Il legame culturale e sentimentale con l’Italia e la Germania influenza in modo sostanziale il suo lavoro in ambito audiovisivo e segna la scelta tematica di molti dei documentari che produce e dirige con Alpenway. “Ho la doppia cittadinanza e la mia carriera documentaristica l’ho iniziata proprio in Germania. Quindi c’è un elemento tedesco, anche perché collaboro con Arté, il canale culturale franco-tedesco, e quindi giocoforza il mio sguardo è verso l’Italia, che cerco di raccontare al di là degli aspetti classici. Alle volte mi piace, insomma, trattare temi che inizialmente possono sembrare superficiali mostrando quello che c’è dietro. Poi c’è da dire che, sebbene mi sia immerso nella cultura tedesca al punto di lavorare come corrispondente culturale prima di diventare filmmaker a tutto campo, cionondimeno la mia socializzazione primaria è avvenuta in Lombardia, dove ho vissuto fino a 25 anni, tra i monti della Valtellina e i grattacieli di Milano. Quindi direi che in primis ho una visione pragmatica e imprenditoriale della vita, concreta, e un ethos del lavoro profondamente lombardo. Per certi versi più vicino alla cultura della dedizione prussiana, che a quella del godimento barocco bavarese.

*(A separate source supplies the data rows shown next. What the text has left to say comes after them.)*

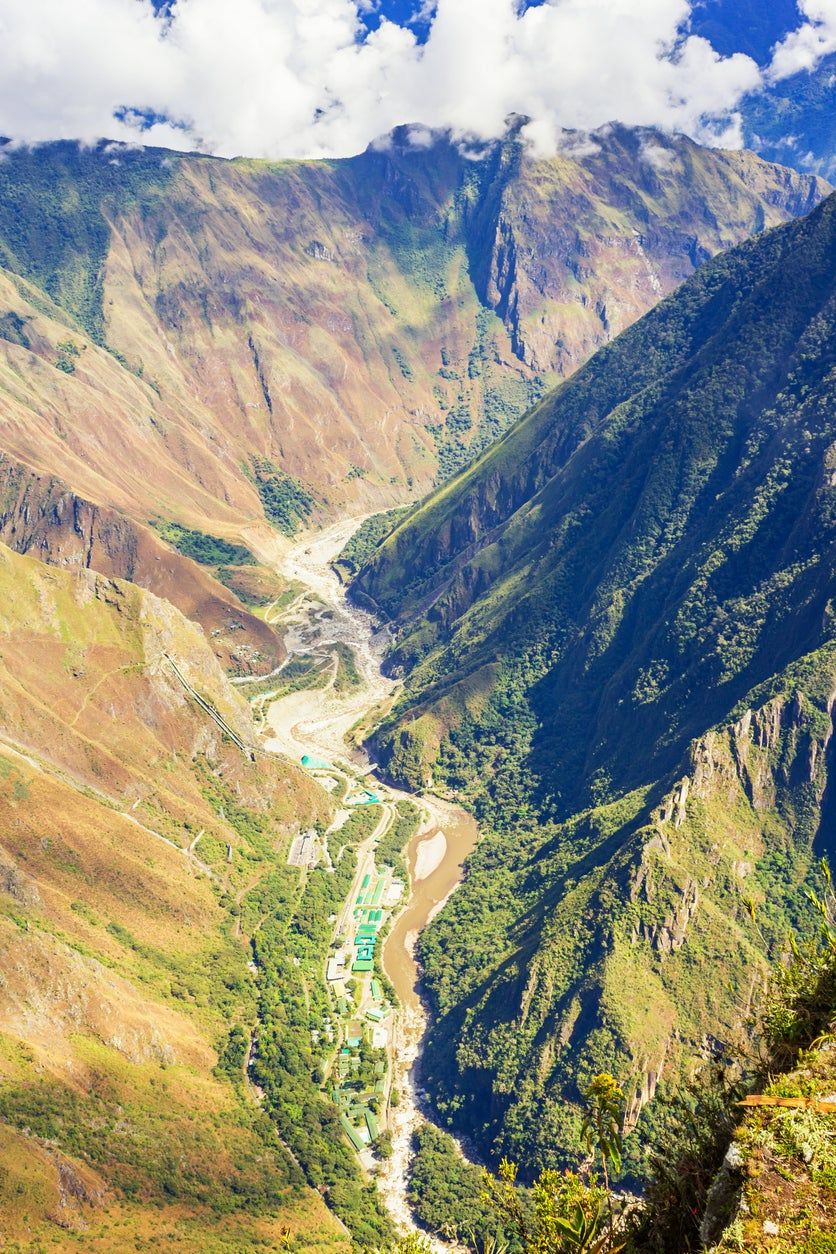 Urubamba rio
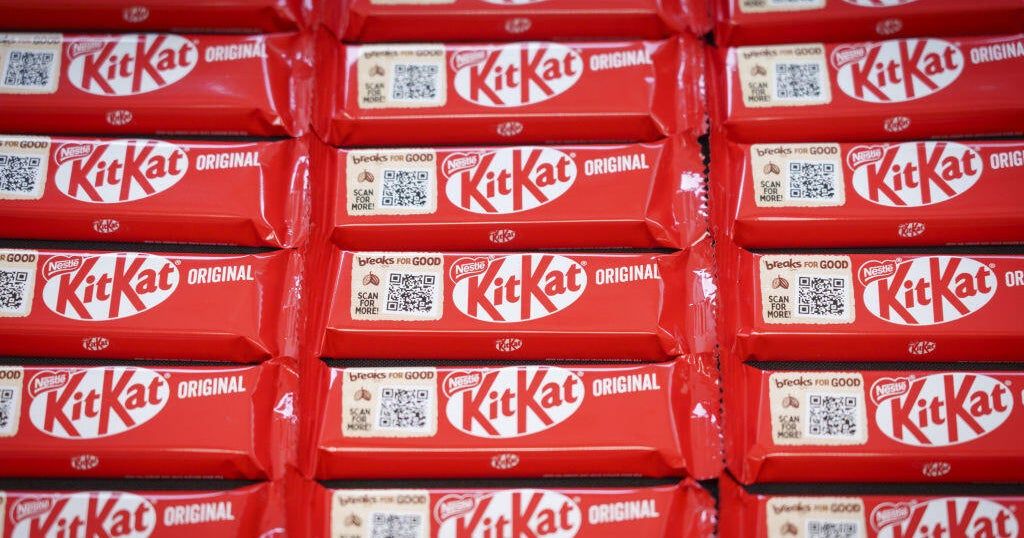 12 tons of KitKat bars stolen in chocolaty heist in Europe, Nestle says
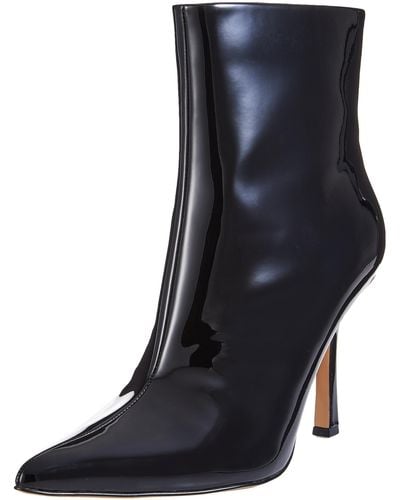 The Drop Gail Heeled Ankle Bootie - Black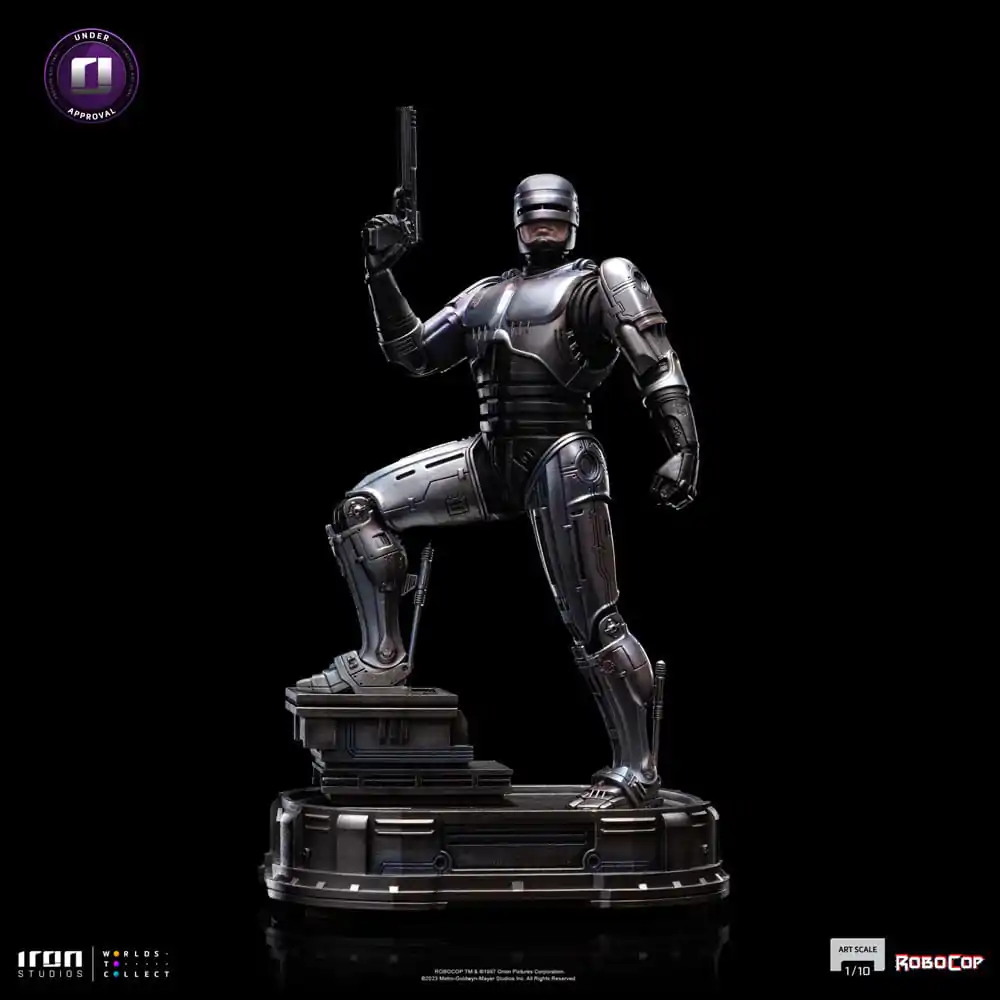 Robocop Art Scale Statue 1/10 Robocop 24 cm termékfotó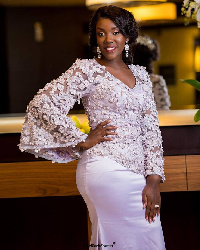 Stonebwoy's wife, Dr Louisa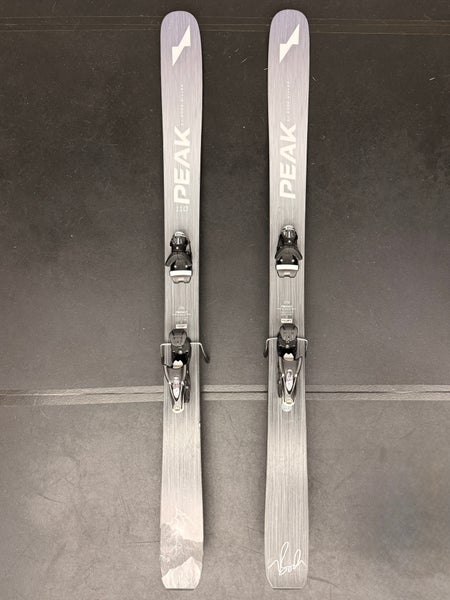 Bode Miller PEAK skis Unisex 2023 178 cm Powder Skis With Bindings Max Din 12 (Used)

A questo piano si aggiunge l’amore per la cultura tedesca – attraverso i libri, ma anche immergendomi nella società dove ho scelto di vivere. Non senza tensioni, non senza dolore, ma sempre consapevole che vivere sul confine significa vivere il doppio perché vuol dire abitare in due mondi. Se quando scrivevo per i quotidiani italiani parlavo di Germania, ora che faccio film e mi rapporto principalmente con le emittenti tedesche, diventa naturale proporre tematiche legate all’Italia. Vi è quindi un motivo concreto, di street credibility, che mi porta a ritrarre il Paese da cui provengo. Ma vi è anche un legame sentimentale, perché quando andai via dall’Italia nel 1999 lo feci per inseguire un mio ideale humboldiato di formazione culturale, ma anche perché disgustato dalla situazione politica e sociale, desideroso di un altro tipo di approccio alla cosa pubblica, alla natura, alla cultura. Pensai di trovarlo nella mia Wahlheimat. Poi con gli anni gli angoli si smussano e si riesce a comprendere meglio i limiti e i vantaggi di un luogo e dell’altro, e con un po’ di fortuna si riesce a trovarsi bene ovunque si viva, anche perché, a furia di fare il tedesco, non potevo non innamorarmi dell’Italia”.
L’italianità nella sua carriera lavorativa, insomma, diventa una plus valore, che va oltre i temi trattati nei suoi lavori, ma è anche un modus operandi, una finezza nello sguardo e una attenzione al dettaglio. “Di recente in una videointervista lo sceneggiatore Fabio Di Ranno, in arte Biro Fandonia, ha detto che secondo lui italianità è la capacità di andare nel profondo mantenendo l’ironia, e questo l’ha riscontrato nel mio documentario. La trovo una osservazione molto fine. E aggiungo che italiana, come si vede nel film, è anche la maniacale attenzione al dettaglio, sia essa un’attenzione volta a creare un sonetto, o disegnare il volantino per una discoteca, creare un abito di alta sartoria, o un pezzo di meccanica per un bolide. Un’attenzione maniacale, finissima, nella quale estetica ed etica si cercano e talvolta s’incontrano”.